Stribling was born in 1881 and spent his childhood in Clifton and Florence, Alabama. Tom wasn't much for manual labor and aspired to be a writer, causing some to think he was just lazy. He earned his teaching degree at Florence State College, then went on to law school. He earned a law degree and practiced law for a year, then moved to Nashville, where he started writing seriously. Later, he lived in New Orleans and made his living writing Sunday School literature.
His first novel was published in 1921, followed by a new one every year for a while. His greatest writing may have been a trilogy started in 1931 with The Forge. In 1932, Stribling wrote The Store, which won the Pulitzer Prize. The trilogy was finished in 1933 with Unfinished Cathedral. All these books were set in and around Florence.

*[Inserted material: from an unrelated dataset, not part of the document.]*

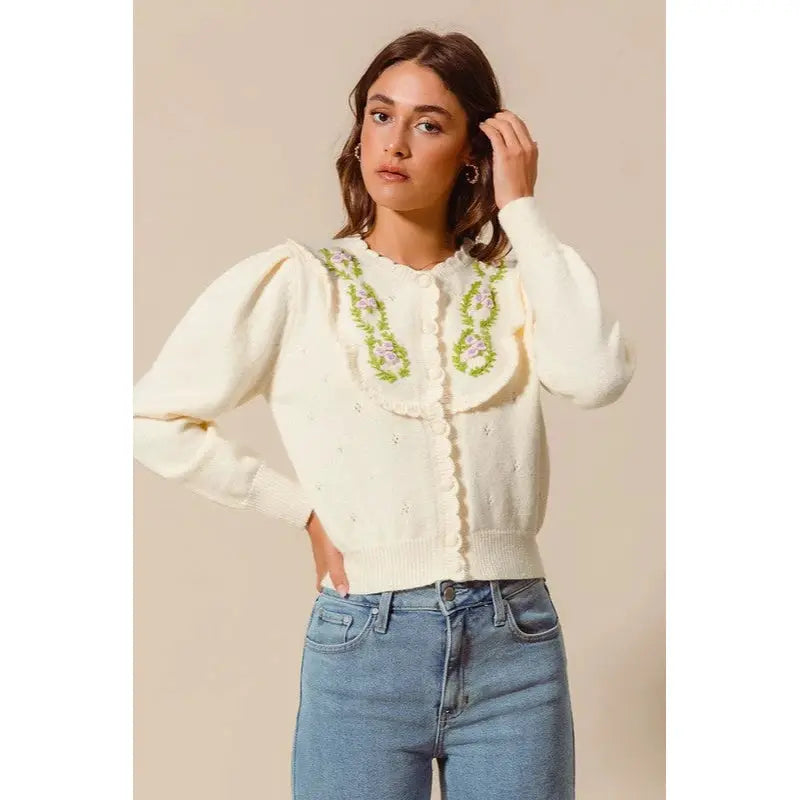 So Me Floral Embroidered Cardigan by So Me - Sweaters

Many, many people were not happy with the way Stribling portrayed the people of Florence. His career and legacy were damaged because of his honest exploration of the racial and social injustice all over the South during that time.

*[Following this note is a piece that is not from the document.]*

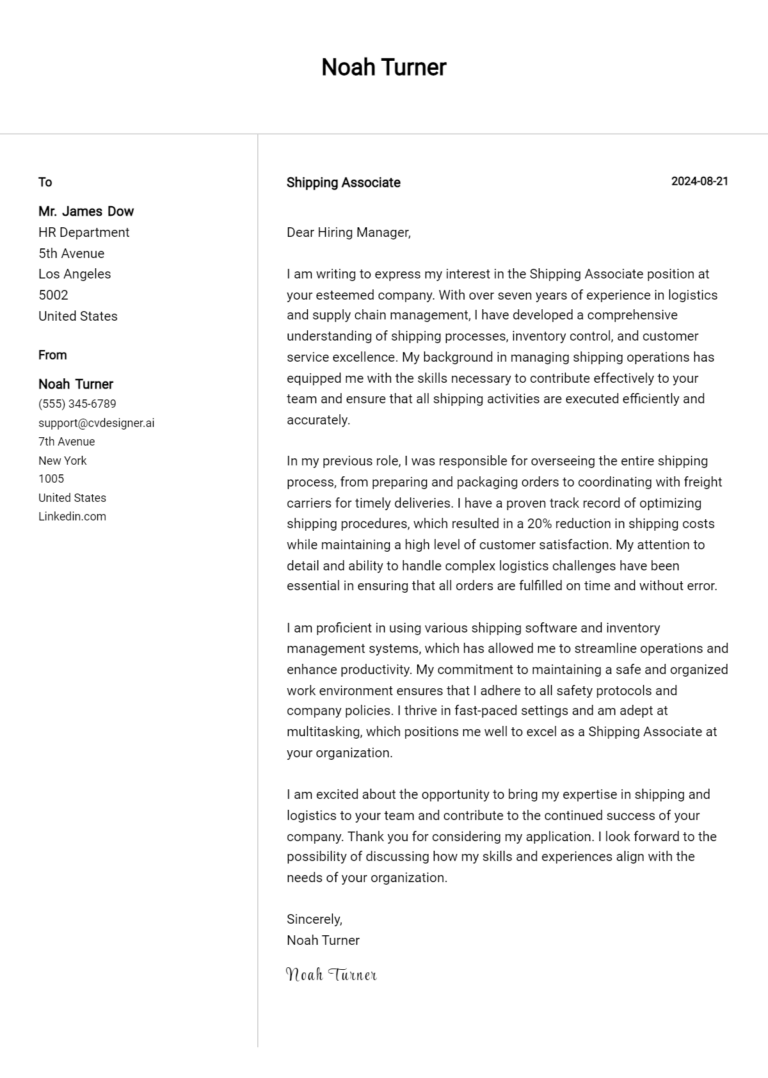 Shipping Associate Cover Letter Example for 2025 (Complete Writing Guide)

He returned to Florence in 1962 and lectured at Florence State College (now the University of North Alabama). He died in Florence in 1965 and is buried in Clifton. The epitaph on his tombstone reads, Through This Dust These Hills Once Spoke.
Some say that T. S. Stribling was the first serious Southern writer. He sold more books during the time between the World Wars than Faulkner, Hemingway, and Fitzgerald combined.
Collier Library at the University of North Alabama has an extensive collection of his books. They are not easy reads, but unforgettable ones.